Records from a collection:
────────────────────
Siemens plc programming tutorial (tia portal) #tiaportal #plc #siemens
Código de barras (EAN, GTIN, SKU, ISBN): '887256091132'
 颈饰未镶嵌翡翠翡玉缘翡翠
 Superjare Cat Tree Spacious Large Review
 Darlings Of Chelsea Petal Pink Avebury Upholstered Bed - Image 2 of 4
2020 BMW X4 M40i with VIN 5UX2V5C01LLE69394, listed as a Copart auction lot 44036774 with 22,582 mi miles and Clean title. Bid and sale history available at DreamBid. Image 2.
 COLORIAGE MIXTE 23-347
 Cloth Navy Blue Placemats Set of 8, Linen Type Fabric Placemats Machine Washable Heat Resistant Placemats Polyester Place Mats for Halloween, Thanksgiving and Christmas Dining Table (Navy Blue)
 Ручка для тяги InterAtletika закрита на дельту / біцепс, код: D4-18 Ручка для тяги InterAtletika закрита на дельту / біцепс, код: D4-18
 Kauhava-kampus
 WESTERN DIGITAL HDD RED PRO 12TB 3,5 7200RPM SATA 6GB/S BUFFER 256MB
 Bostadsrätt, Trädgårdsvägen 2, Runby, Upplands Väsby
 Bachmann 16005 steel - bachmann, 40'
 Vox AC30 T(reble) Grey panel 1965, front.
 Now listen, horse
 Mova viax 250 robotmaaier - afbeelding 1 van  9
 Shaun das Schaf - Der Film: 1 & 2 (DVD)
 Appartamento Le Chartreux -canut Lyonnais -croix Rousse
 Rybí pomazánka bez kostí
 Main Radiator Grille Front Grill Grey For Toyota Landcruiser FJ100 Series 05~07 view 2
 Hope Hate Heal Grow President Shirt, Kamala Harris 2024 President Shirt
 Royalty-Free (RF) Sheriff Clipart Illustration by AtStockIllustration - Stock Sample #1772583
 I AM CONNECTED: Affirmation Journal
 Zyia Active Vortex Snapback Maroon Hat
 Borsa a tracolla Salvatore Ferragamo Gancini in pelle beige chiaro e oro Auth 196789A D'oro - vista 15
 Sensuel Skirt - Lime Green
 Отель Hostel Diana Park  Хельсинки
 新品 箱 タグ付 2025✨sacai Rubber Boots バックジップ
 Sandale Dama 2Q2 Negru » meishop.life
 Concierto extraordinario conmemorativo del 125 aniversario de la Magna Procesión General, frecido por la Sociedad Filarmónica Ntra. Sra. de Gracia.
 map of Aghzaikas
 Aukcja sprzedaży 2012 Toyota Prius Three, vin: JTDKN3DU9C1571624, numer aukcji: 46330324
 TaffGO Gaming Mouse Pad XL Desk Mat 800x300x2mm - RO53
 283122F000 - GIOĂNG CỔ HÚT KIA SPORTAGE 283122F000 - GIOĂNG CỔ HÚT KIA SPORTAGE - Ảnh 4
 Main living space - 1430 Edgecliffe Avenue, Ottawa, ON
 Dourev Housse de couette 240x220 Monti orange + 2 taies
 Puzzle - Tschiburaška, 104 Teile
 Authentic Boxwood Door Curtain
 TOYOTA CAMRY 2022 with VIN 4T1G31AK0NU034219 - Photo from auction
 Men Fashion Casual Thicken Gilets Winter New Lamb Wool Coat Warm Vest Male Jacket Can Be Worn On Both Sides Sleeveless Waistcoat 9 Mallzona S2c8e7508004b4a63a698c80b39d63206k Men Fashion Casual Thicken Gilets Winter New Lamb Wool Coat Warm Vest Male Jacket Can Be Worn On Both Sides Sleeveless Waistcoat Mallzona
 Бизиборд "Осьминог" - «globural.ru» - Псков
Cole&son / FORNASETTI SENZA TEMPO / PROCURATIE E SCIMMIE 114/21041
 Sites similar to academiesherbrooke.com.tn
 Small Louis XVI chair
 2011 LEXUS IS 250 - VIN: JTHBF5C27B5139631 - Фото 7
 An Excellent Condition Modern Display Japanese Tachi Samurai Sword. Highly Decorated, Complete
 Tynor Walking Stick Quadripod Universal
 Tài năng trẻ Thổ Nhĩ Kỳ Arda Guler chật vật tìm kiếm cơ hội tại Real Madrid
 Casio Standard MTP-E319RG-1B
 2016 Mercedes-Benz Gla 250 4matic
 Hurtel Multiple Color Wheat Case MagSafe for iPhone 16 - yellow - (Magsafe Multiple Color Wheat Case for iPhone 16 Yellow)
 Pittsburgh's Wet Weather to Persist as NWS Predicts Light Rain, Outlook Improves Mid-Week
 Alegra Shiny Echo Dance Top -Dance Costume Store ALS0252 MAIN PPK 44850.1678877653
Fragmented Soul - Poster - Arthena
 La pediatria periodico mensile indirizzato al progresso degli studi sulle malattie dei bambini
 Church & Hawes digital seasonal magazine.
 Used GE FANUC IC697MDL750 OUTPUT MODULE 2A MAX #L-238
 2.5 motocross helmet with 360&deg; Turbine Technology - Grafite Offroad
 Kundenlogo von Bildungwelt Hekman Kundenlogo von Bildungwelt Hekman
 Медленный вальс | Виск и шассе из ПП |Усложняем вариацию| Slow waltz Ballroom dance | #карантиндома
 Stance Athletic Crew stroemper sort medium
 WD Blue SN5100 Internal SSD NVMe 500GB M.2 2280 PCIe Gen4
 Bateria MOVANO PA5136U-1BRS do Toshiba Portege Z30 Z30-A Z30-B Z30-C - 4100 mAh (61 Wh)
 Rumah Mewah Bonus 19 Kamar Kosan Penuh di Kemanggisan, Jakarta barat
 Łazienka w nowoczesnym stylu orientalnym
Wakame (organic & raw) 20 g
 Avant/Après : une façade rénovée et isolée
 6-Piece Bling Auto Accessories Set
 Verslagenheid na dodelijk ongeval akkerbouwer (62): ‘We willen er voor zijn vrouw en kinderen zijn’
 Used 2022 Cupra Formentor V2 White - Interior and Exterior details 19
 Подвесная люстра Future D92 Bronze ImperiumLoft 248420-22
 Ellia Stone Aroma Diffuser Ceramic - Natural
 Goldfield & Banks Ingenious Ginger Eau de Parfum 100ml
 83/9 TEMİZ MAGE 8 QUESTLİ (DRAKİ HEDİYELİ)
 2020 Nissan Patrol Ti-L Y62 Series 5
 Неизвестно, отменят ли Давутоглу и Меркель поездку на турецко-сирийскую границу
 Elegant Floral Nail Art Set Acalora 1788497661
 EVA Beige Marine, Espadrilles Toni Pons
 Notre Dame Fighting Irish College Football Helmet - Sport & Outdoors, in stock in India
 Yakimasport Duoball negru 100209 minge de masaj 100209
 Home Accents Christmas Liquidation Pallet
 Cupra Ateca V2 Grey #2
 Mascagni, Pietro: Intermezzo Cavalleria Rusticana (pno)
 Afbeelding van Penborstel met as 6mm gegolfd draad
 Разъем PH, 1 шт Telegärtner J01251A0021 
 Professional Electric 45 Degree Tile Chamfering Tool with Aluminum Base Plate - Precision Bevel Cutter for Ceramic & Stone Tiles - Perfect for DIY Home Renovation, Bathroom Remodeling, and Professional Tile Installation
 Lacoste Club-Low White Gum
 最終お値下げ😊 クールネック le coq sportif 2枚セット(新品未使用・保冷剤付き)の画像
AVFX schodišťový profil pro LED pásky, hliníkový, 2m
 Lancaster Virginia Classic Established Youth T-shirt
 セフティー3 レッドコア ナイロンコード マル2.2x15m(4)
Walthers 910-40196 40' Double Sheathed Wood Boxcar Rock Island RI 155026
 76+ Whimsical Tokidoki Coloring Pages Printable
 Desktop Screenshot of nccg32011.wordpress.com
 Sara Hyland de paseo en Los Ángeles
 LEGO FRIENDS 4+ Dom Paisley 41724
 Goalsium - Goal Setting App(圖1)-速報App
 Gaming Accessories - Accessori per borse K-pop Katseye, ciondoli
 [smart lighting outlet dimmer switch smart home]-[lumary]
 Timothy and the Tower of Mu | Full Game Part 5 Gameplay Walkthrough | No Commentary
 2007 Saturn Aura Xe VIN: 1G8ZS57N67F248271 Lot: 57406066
────────────────────
(WHAT YOU WILL DO):
An exact copy of the line containing "Afbeelding van Penborstel" and all lines after it, through the last line of the entries, is the required answer.

(OUTPUT FOR THIS TASK):
 Afbeelding van Penborstel met as 6mm gegolfd draad
 Разъем PH, 1 шт Telegärtner J01251A0021 
 Professional Electric 45 Degree Tile Chamfering Tool with Aluminum Base Plate - Precision Bevel Cutter for Ceramic & Stone Tiles - Perfect for DIY Home Renovation, Bathroom Remodeling, and Professional Tile Installation
 Lacoste Club-Low White Gum
 最終お値下げ😊 クールネック le coq sportif 2枚セット(新品未使用・保冷剤付き)の画像
AVFX schodišťový profil pro LED pásky, hliníkový, 2m
 Lancaster Virginia Classic Established Youth T-shirt
 セフティー3 レッドコア ナイロンコード マル2.2x15m(4)
Walthers 910-40196 40' Double Sheathed Wood Boxcar Rock Island RI 155026
 76+ Whimsical Tokidoki Coloring Pages Printable
 Desktop Screenshot of nccg32011.wordpress.com
 Sara Hyland de paseo en Los Ángeles
 LEGO FRIENDS 4+ Dom Paisley 41724
 Goalsium - Goal Setting App(圖1)-速報App
 Gaming Accessories - Accessori per borse K-pop Katseye, ciondoli
 [smart lighting outlet dimmer switch smart home]-[lumary]
 Timothy and the Tower of Mu | Full Game Part 5 Gameplay Walkthrough | No Commentary
 2007 Saturn Aura Xe VIN: 1G8ZS57N67F248271 Lot: 57406066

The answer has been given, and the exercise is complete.